Watermelon Feta Salad
Ingredients
- 8 pounds whole seedless watermelon, chilled (about 12 cups of cubed fruit)
- 1/4 cup extra virgin olive oil
- 3 whole limes, juiced
- 1 1/2 teaspoons salt
- 3/4 teaspoon black pepper
- 1 cup fresh mint leaves, chopped
- 1 1/2 cups crumbled feta cheese (sheep’s milk feta preferred)
Instructions
- Note: This salad is best made just prior to serving. Prepare one hour or less before your meal.Cut rind from the watermelon, then chop the fruit into 1 inch chunks. Place chunks in a colander to drain as your chop.
- In a small bowl, whisk together olive oil, fresh lime juice, salt, and black pepper to create a dressing.
- Place watermelon in a large salad bowl. Pour dressing and chopped mint over the watermelon and toss gently to coat. Pour the crumbled feta into the salad bowl and stir gently to integrate the cheese into the salad. Serve.
Delicious fresh food ♥️
My husband loves it so much, he now expects me to have it available for him the rest of the summer. ? He suggested that we might toss some spinach leaves in it occasionally.
Fabulous! Re: spinach, I don’t see why not.

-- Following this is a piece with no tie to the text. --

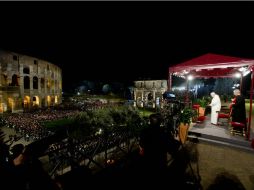 El Via Crucis, como ya es tradición, tuvo lugar en el Coliseo romano, símbolo de la represión de los primeros cristianos. AP / A. Medichini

Serving it on a bed of peppery arugula might not be a bad thing, either – if you like that kind of green. 🙂
I am giving this a high rating, since I didn’t make it properly. I do want to let people know what NOT to do. Don’t put a huge amount of watermelon in a large bowl. Then stir with the mint, feta and dressing, and serve an hour later. I did. And I ended up with soggy, somewhat tasteless watermelon and feta. I also chopped the mint too fine. It’s worth watching the video. I will try this again. However, I will make it like the video recommends. Or, I’ll take the cubed watermelon to a party or barbecue (in a strainer), and will set out single bowl servings, then sprinkle, toss a little feta and mint. If those get eaten, I’ll set out more bowls.
Loved this watermelon recipe. I made it for a picnic with friends. IT looked beautiful on the table. The location was at a park next to the ocean. It was perfect for a warm spring day.
All my friends wanted the recipe. I Think it will be a favorite for all of us❣️❣️
The citrus was a bit tangy for us we preferred the balsamic vinegar version and the mint was lost with the amount of feta, more was needed but everyones taste buds are different. old recipe new version. if not everyone likes feta we usually make a small version for them swapping it for grilled haloumi. A few olives can help take it to the next level. Thanks for the citrus version though was worth trying and may make both (with more mint) on our next get together. You can never have enough water melon 🙂
Looks amazing! If I was to eat this a few hours after preparing should I wait to mix the feta and dressing until just before? Do you think everything else would be ok mixed for a few hours? Thanks!
I would add the dressing, feta and mint just prior to serving. Enjoy!
This is a delicious salad, love the way the salty/sweet/tart flavors meld together. I used only 1/4 of a watermelon for a smaller group and juice of 1 lime. It was perfect and a big hit at the luncheon
Love this, as do our friends. We have used your recipe for a starter several times. Unfortunately, we cannot buy watermelons all year round in the UK but perhaps we could freeze some for the winter?
Hi Bob, Tori’s assistant Ashley here. In my experience watermelon does not freeze well. Once thawed it becomes quite mushy.
This comment is a little late for Bob, but just a note anyway… though it’s about watermelon but not salad. I make watermelon agua fresca and freeze it (blend about 2 cups cubed watermelon, 2 tbs brown sugar, juice of 1/2 lime; add a little water if it seems too thick) and it’s wonderful anytime of the year. Just set it out to thaw then shake it.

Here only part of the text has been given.